● **Required action**
Return each line of the records below that contains the word "service".

• • • • • • •

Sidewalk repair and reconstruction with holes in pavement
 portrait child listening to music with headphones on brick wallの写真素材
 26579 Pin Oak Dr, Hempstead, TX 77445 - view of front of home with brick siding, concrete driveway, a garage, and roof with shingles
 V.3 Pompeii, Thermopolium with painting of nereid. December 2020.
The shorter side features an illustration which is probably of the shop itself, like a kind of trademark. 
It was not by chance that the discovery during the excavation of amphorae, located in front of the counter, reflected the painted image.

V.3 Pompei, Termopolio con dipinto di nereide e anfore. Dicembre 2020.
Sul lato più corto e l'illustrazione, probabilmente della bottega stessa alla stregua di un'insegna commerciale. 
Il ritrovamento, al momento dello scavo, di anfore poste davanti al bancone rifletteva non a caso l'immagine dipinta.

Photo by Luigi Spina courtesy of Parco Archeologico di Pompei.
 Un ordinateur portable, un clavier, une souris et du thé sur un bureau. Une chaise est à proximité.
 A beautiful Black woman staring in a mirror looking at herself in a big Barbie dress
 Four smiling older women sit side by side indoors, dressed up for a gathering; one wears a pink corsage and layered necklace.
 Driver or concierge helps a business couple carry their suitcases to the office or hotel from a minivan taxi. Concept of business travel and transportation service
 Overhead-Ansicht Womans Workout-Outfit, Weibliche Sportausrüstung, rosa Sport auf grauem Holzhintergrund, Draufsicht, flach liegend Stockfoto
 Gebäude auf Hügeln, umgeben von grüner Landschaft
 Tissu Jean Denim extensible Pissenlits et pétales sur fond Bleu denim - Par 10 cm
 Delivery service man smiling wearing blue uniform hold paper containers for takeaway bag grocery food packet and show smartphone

• • • • • • •

● **Response**
 Driver or concierge helps a business couple carry their suitcases to the office or hotel from a minivan taxi. Concept of business travel and transportation service
 Delivery service man smiling wearing blue uniform hold paper containers for takeaway bag grocery food packet and show smartphone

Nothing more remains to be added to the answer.